Yesterday, we had another moderate windstorm over western Washington, one that had even greater effects over British Columbia. Gusts reached 70-75 mph in "favored" locations and about 300,000 customers lost power in the region. Even my home went dark.
The National Weather Service surface analysis for 10 AM yesterday showed a fairly deep system (978 hPa) moving northeast into Vancouver Island.
This hand analysis does not accurately show the detailed pressure structure of the storm. A far better view comes from a short-term, and thus highly accurate, model forecast shown below (6-h prediction by the UW high-resolution WRF predictions). The solid lines are isobars, lines of constant pressure, and you will note an intense change or gradient of these lines south and west of the low center.
Classic for a strong marine cyclone. Strong pressure gradients suggest strong winds. And that area of intense pressure gradient moved across northwestern WA during the subsequent hours, producing the powerful winds.
How strong?
Gusts reaching 78 mph at Destruction Is along the central WA coast and 70 mph at Race Rocks in the Strait of Juan de Fuca. Similar winds from a downslope mountain wave on the Olympics. And gusts to around 50 mph for exposed locations in central Puget Sound.
But lets look at the max gusts for a far smaller area....around Seattle. Around 50 mph for exposed locations (e.g., West Point or in the center of the Evergreen Pt. floating bridge), but locations with poor exposure, bad instrument placement, or poor instruments had far less wind (less than 20 mph).
Winds are a very difficult measurement and unfortunately many wind observations are unreliable.

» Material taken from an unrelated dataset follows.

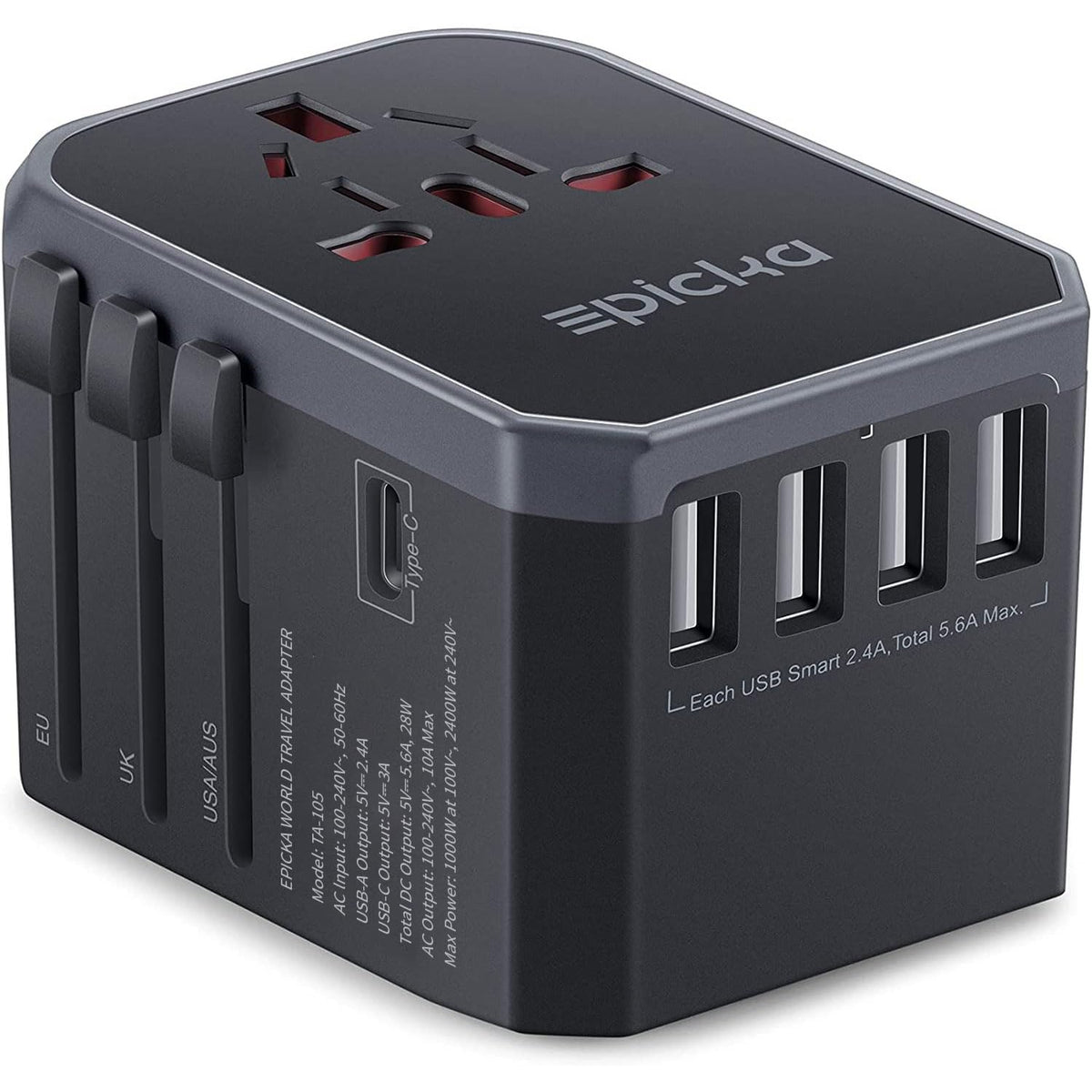 EPICKA universal travel adapter front view for compact global charging on the go.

Surface winds should be measured at 10 meters (about 30 feet) in open area. Not on a house. Not with trees nearby. Many sensors do not have such exposure, although the official airport stations should all be reliable. A colleague of mine, Professor Bob Fovell of University of Albany and student Alex Gallagher, just published a very nice paper showing that many cooperative wind observation networks are nearly useless of determined winds during Thomas Fire (a Santa Ana event).
Today is the start of winter and I have some good news....no big storms in the forecast!
No rain and partly cloudy today. Perfect weather for cleaning up debris and doing that last minute holiday shopping.
And remember, we are in an El Nino winter and the impacts of the warm Pacific water (lesser storms, warmer temps) tends to hit after New Years.